**YOUR GOAL:**
Could you copy the data that follows exactly as written, but drop the pictures?

**INFORMATION PROVIDED:**
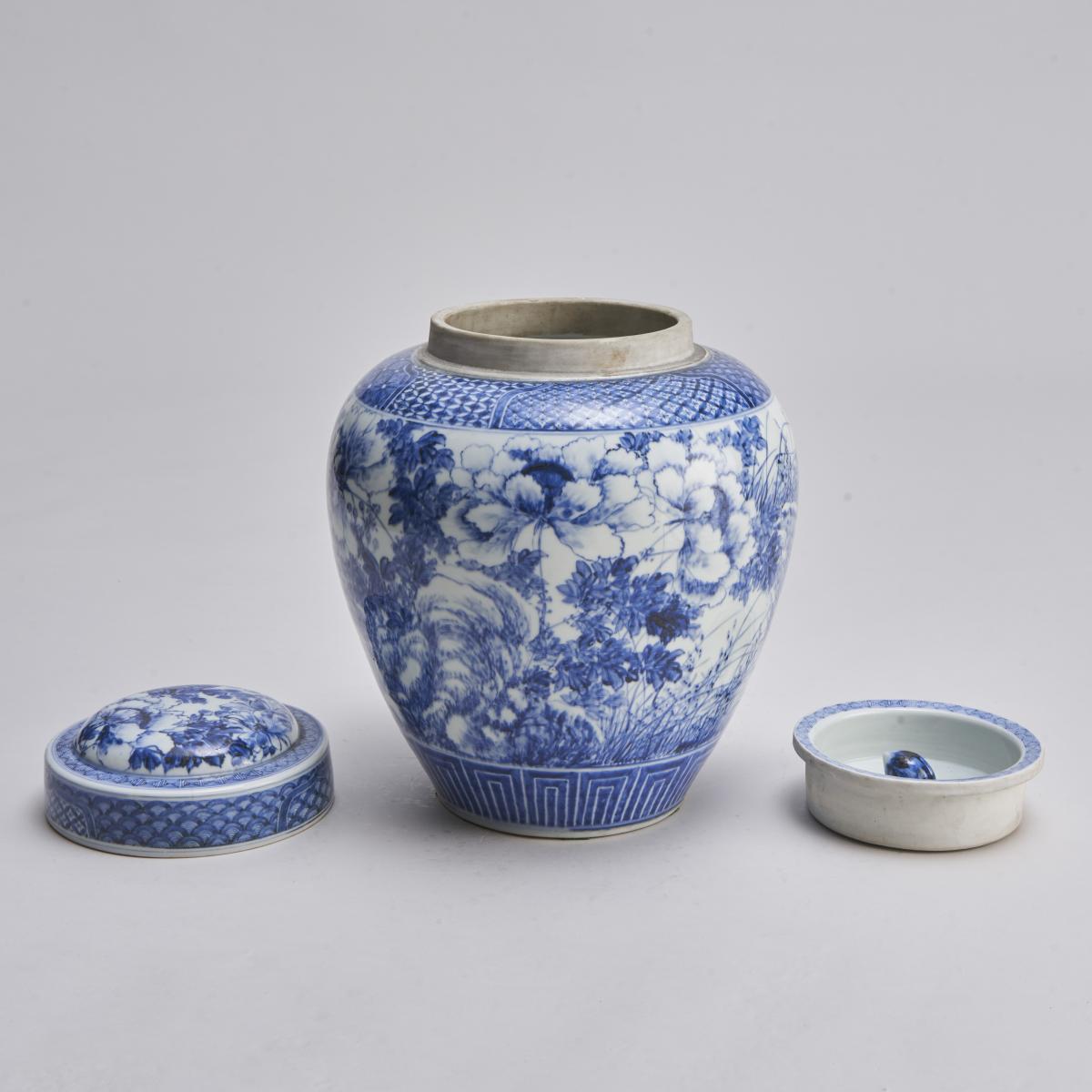 An unusual Japanese porcelain blue and white jar with inner stopper (19th Century)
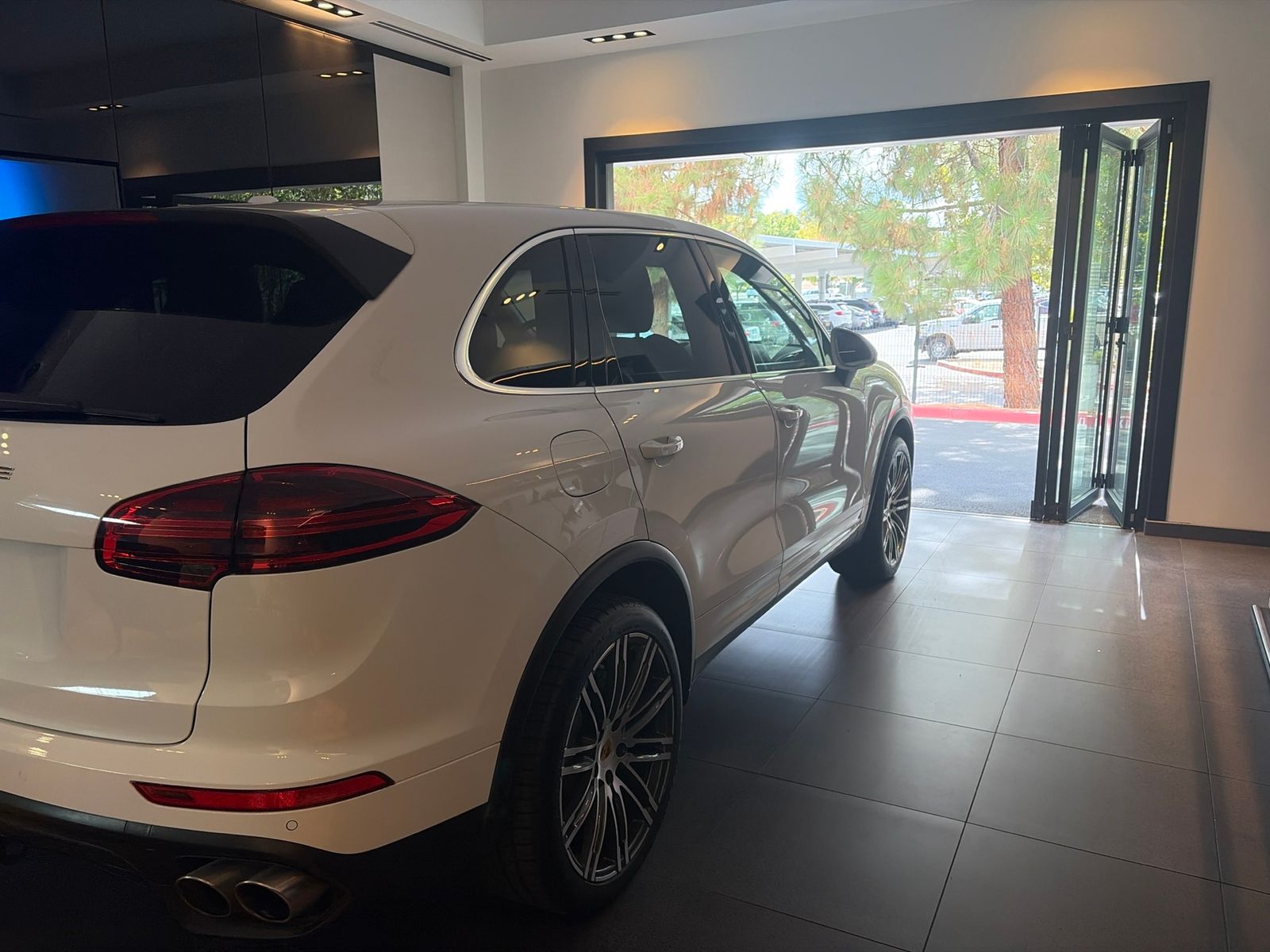 2016 Porsche Cayenne S — full photo 5 of 10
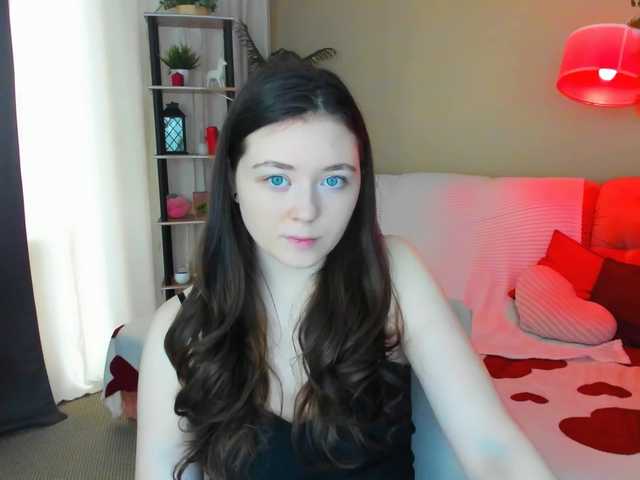 AlluringLookk live cam on BongaCams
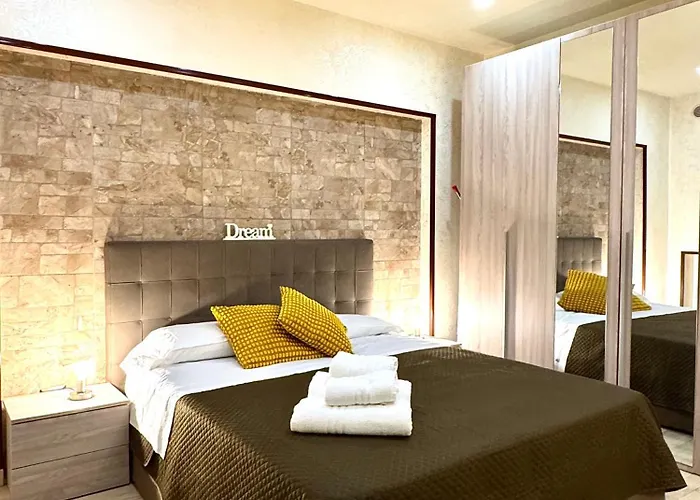 Apartment Under Dante Bari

**ANSWER FOR THE TASK:**
 An unusual Japanese porcelain blue and white jar with inner stopper (19th Century)
 2016 Porsche Cayenne S — full photo 5 of 10
 AlluringLookk live cam on BongaCams
 Apartment Under Dante Bari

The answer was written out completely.